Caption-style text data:
◇ ◇ ◇ ◇ ◇ ◇ ◇

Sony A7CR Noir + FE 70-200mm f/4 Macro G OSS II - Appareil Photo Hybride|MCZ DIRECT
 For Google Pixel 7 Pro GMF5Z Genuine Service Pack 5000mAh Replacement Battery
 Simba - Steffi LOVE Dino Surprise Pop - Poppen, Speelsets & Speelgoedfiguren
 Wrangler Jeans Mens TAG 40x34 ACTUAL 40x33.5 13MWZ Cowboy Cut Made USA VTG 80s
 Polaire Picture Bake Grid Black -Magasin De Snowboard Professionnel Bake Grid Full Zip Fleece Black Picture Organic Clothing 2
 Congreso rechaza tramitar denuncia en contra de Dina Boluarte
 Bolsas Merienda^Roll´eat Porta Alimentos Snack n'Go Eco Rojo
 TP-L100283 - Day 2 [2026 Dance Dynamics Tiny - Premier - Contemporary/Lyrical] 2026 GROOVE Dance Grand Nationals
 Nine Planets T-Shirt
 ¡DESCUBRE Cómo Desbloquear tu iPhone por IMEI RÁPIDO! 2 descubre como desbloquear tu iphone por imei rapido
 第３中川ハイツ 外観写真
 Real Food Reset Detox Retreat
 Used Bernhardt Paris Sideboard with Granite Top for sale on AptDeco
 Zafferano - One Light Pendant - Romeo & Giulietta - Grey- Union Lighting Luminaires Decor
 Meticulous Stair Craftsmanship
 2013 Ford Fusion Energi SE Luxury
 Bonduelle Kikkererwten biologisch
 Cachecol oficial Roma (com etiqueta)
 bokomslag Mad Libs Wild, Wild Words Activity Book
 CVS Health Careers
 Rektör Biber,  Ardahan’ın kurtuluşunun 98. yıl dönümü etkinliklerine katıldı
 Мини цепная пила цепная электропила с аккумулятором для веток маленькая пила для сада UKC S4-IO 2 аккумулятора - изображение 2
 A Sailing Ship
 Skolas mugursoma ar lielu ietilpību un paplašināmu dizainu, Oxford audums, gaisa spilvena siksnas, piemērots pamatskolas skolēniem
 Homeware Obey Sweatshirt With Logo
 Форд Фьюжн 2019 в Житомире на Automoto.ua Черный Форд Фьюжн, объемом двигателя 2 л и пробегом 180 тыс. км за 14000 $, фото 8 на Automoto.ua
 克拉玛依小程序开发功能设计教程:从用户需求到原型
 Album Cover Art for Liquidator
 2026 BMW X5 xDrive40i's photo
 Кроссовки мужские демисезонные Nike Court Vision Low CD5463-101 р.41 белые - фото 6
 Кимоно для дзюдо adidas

◇ ◇ ◇ ◇ ◇ ◇ ◇

◆ Description of the task: Every line containing the string "фото" in the entries should be counted; give the resulting number and nothing else.

◆ Response: 2